Après avoir exposé la circulation des savoirs, par l’implication de Tousard au sein de West Point, l’auteur décrit la présence consulaire française aux États-Unis dans les chapitres dix et onze. C’est dans un contexte de méfiance face à la présence française, et grâce à un jeu de contacts, que Louis Tousard parviendra à s’installer de nouveau en Amérique en tant que chancelier du consulat de France et à la tête de la gestion des affaires de Lafayette en Louisiane, poste qu’il n’effectuera finalement pas. Les difficultés de répartition des tâches entre le consul et son chancelier sont la preuve de la mise en place d’une nouvelle administration »moderne« (p. 168). Les relations européennes contrôlées par Napoléon se dégradant, des allers et retours entre la Louisiane et le Maryland obligent Tousard à se diversifier, ainsi il s’essaie à l’écriture avec la parution de son livre »Compagnon d’artillerie«, puis se voit assigner à la protection de la belle-sœur de Napoléon, avant de devenir consul de France intérimaire à la Nouvelle-Orléans. Chaque changement chez Tousard est représentatif d’une situation politique faisant de lui un témoin de première ligne. Gérald Sim affirme qu’un desserrement des liens avec la France est observable, d’une part dû au délitement de son cercle familial français, notamment par la mort d’un de ses frères, et d’autre part, le mariage de ses filles en Amérique et son remariage permet son ancrage définitif aux États-Unis. »Bientôt votre père n’aura plus de pays« (p. 189), écrit-il à ses filles à la nouvelle de la chute de Napoléon. Le retour à la monarchie et l’épuration dans l’administration du personnel relié à l’Empereur, qui aura lieu au retour des Bourbons, l’oblige à quitter ses fonctions. Il finira ses jours à Paris lors de son huitième et dernier voyage transatlantique relate le douzième et dernier chapitre.

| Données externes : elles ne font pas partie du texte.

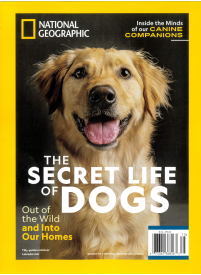 National Geographic Special1{IMAGE}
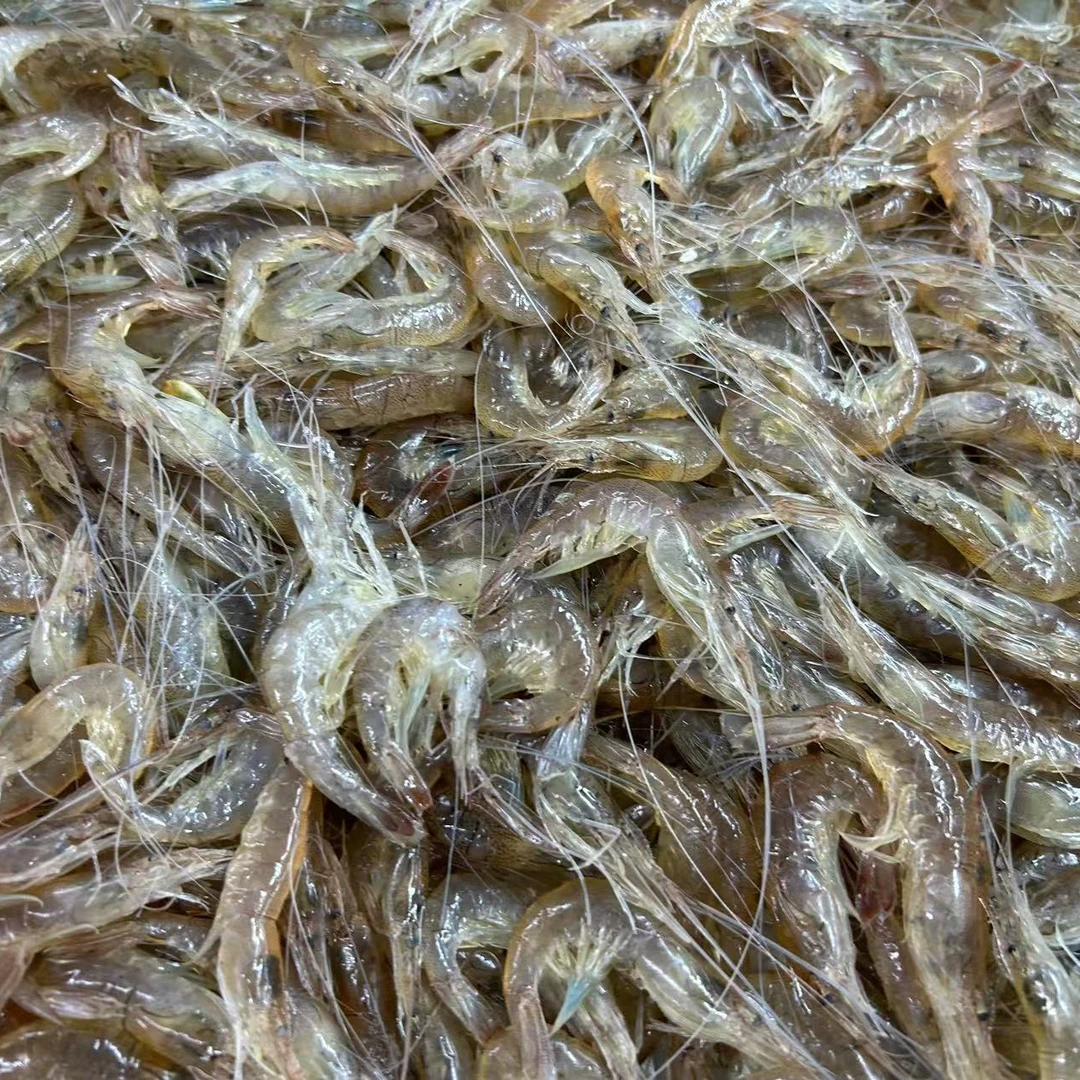 小青虾 250g（海鲜）[保鲜不保活]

L’ouvrage de Gérald Sim est un pari réussi d’histoire globale-locale, agréable à lire, il plaira à tout public soucieux d’emmagasiner du savoir sur les débuts des relations franco-américaines au XVIIIe siècle. La focalisation sur les réseaux militaires et diplomatiques crée l’impasse sur d’autres cercles de socialisation qui ont très certainement eu un rôle important dans la vie de Louis Tousard, comme ses rapports avec des planteurs à Saint-Domingue, qui se réfugieront quelques années plus tard aux États-Unis. On pourrait reprocher à l’auteur de ne tirer que très peu de conclusions du rôle qu’un tel agent a joué dans les relations franco-américaines. De plus il aurait été intéressant de connaître ses sentiments durant les revirements politiques; fidèle à la monarchie, il n’hésitera cependant pas à prêter allégeance à l’Empereur. Est-ce son rôle en tant qu’agent du gouvernement qui l’y oblige ou bien n’est-il finalement qu’opportuniste? Le lecteur est emmené dans les méandres de la vie de Tousard de manière presque romanesque, ce qui n’excuse cependant pas certaines omissions de références. Néanmoins, force est de constater que l’ouvrage »Louis Tousard, un artilleur entre deux mondes«, est une démonstration d’un travail archivistique fabuleux dont on ne peut être qu’admiratif.

1 Bélissa Marc, Diplomatie et relations »internationales« au 18e siècle: un renouveau historiographique?, dans: Dix-huitième Siècle n°37, Politiques et cultures des Lumières (2005), p. 31–47.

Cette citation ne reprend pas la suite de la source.